The theme of the eighth International Day of Prayer and Awareness Against Human Trafficking is “The Power of Care – Women, Economics, Human Trafficking”
Trafficking is one of the deepest wounds inflicted by the current economic system. Wounds that affect all dimensions of life, personal and community. The pandemic has increased the “business” of human trafficking and has exacerbated the pain: it has favored the opportunities and socio-economic mechanisms underlying this scourge, worsening the situations of vulnerability that involved the people most at risk – disproportionately women and girls. The latter, particularly penalized by the dominant economic model. The gap between men and women has thus grown.
According to the United Nations Strategic Plan 2022-2025 “Entity for Gender Equality and the Empowerment of Women (UN-Women)”1 with a general improvement in the condition of women globally, until the arrival of the pandemic, inequalities in all the most important areas of life: health, work, education and politics remain significant. Below, some unequivocal data:
- the participation rate, between the ages of 25-54, in the workforce is 90% for men and just under two thirds for women;
- for 2.7 million women there are important legal obstacles, as well as cultural, to equal employment opportunities.
- the global wage gap between women and men is estimated at 23%;
- women do three times more unpaid domestic and care work than men;
- women aged 25-34 have a much higher risk of poverty than men. The economic fallout is expected to push an additional 47 million women and girls into extreme poverty in 2021, reversing decades of progress.
- in parliaments, on average, women represent only a quarter of the seats;
- 30% of young women do not study, do not work, do not follow any training courses (while for young men it is 13%); two thirds of illiterate people in the world, are women;
- 245 million women and girls over 15 have suffered physical and/or sexual violence by their partner in the last year;
- only 13% of the anti-COVID fiscal, labor and social protection measures concerned the economic security of women.
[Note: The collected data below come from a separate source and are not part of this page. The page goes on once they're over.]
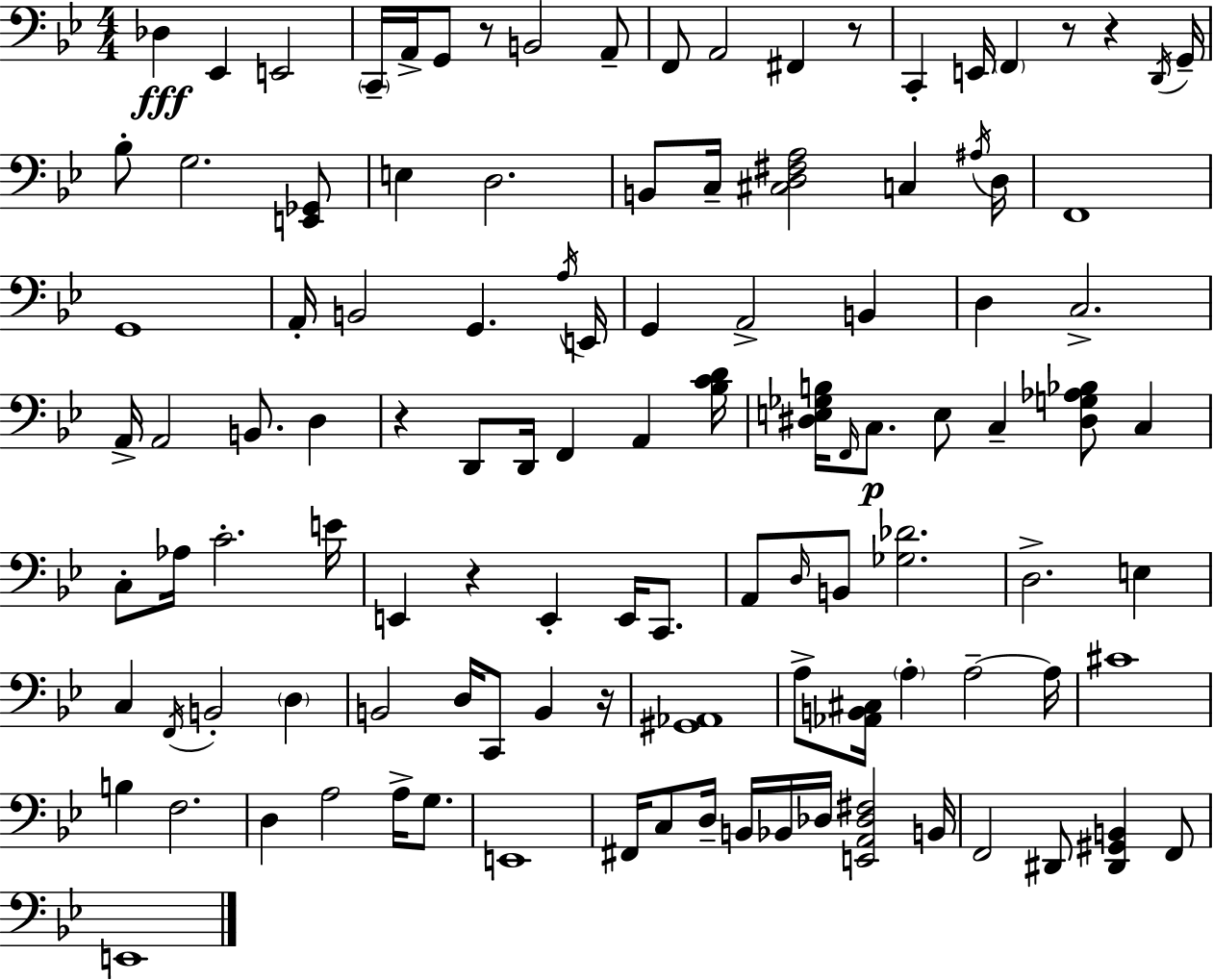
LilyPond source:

{
  \clef bass
  \numericTimeSignature
  \time 4/4
  \key g \minor
  des4\fff ees,4 e,2 | \parenthesize c,16-- a,16-> g,8 r8 b,2 a,8-- | f,8 a,2 fis,4 r8 | c,4-. e,16 \parenthesize f,4 r8 r4 \acciaccatura { d,16 } | \break g,16-- bes8-. g2. <e, ges,>8 | e4 d2. | b,8 c16-- <cis d fis a>2 c4 | \acciaccatura { ais16 } d16 f,1 | \break g,1 | a,16-. b,2 g,4. | \acciaccatura { a16 } e,16 g,4 a,2-> b,4 | d4 c2.-> | \break a,16-> a,2 b,8. d4 | r4 d,8 d,16 f,4 a,4 | <bes c' d'>16 <dis e ges b>16 \grace { f,16 } c8.\p e8 c4-- <dis g aes bes>8 | c4 c8-. aes16 c'2.-. | \break e'16 e,4 r4 e,4-. | e,16 c,8. a,8 \grace { d16 } b,8 <ges des'>2. | d2.-> | e4 c4 \acciaccatura { f,16 } b,2-. | \break \parenthesize d4 b,2 d16 c,8 | b,4 r16 <gis, aes,>1 | a8-> <aes, b, cis>16 \parenthesize a4-. a2--~~ | a16 cis'1 | \break b4 f2. | d4 a2 | a16-> g8. e,1 | fis,16 c8 d16-- b,16 bes,16 des16 <e, a, des fis>2 | \break b,16 f,2 dis,8 | <dis, gis, b,>4 f,8 e,1 | \bar "|."
}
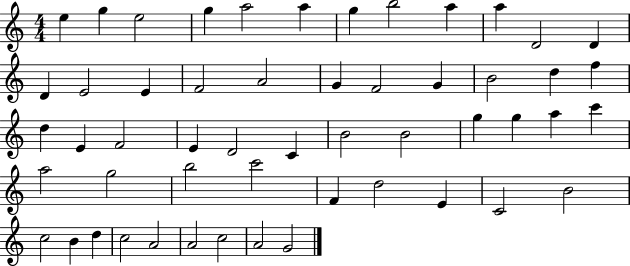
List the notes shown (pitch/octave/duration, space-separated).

E5/q G5/q E5/h G5/q A5/h A5/q G5/q B5/h A5/q A5/q D4/h D4/q D4/q E4/h E4/q F4/h A4/h G4/q F4/h G4/q B4/h D5/q F5/q D5/q E4/q F4/h E4/q D4/h C4/q B4/h B4/h G5/q G5/q A5/q C6/q A5/h G5/h B5/h C6/h F4/q D5/h E4/q C4/h B4/h C5/h B4/q D5/q C5/h A4/h A4/h C5/h A4/h G4/h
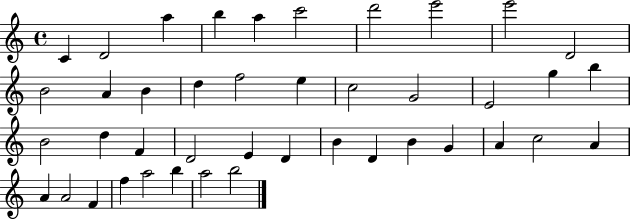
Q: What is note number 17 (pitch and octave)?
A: C5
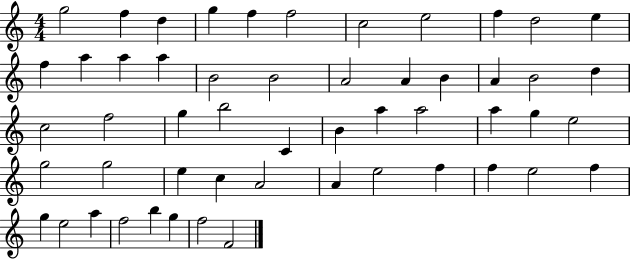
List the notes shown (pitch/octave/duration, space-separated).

G5/h F5/q D5/q G5/q F5/q F5/h C5/h E5/h F5/q D5/h E5/q F5/q A5/q A5/q A5/q B4/h B4/h A4/h A4/q B4/q A4/q B4/h D5/q C5/h F5/h G5/q B5/h C4/q B4/q A5/q A5/h A5/q G5/q E5/h G5/h G5/h E5/q C5/q A4/h A4/q E5/h F5/q F5/q E5/h F5/q G5/q E5/h A5/q F5/h B5/q G5/q F5/h F4/h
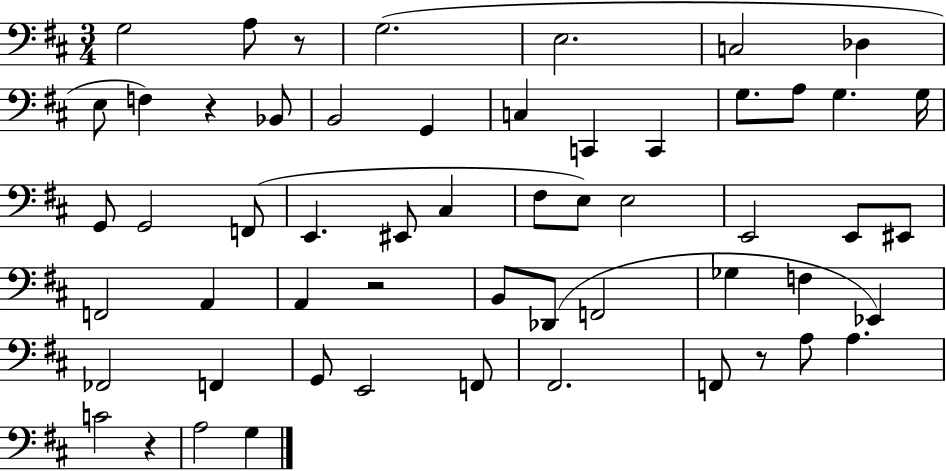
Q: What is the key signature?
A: D major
According to the United Nations statistics on trafficking in persons (2020 UNODC Global Report on Trafficking in Persons) women and girls represent 72% of identified victims of trafficking and the percentage of women and girls increases significantly in the context of trafficking for sexual exploitation; a market that represents 2/3 of the profits generated by exploitation
Faced with the failure of economic models based on exploitation, women are called to take on a leading role as agents of change to create an economic system based on caring for people and the common home, involving everyone. Care is a lifestyle and is Jesus’ way of loving, as he proposes to us in the parable of the Good Samaritan (Lk 10: 25-37), taken up by Pope Francis in his Encyclical Letter Fratelli Tutti. We have to take care to transform our relationship with nature and social and economic relationships, which too often are centered on an aggressive competition that impedes all forms of cooperation and respect for human dignity.
The empowerment of women is not only a question of justice in terms of equal opportunities, but also of expanding the capacity of human resources. With a greater involvement of women, new social and economic processes can be fostered: various development agents open new horizons to development itself. A system that excludes women, and other vulnerable social groups, is not only an “inequitable” system, but also an “inefficient” one, because it does not maximize its capacity to promote integral human development.
With the pandemic, the society and institutions have rediscovered the value of caring for people as a pillar of security and social cohesion and the commitment to care for the common space in order to mitigate the adverse effects of climate change and environmental degradation, which mainly affects the poorer.
The power of care is the only way to tackle human trafficking and all forms of exploitation.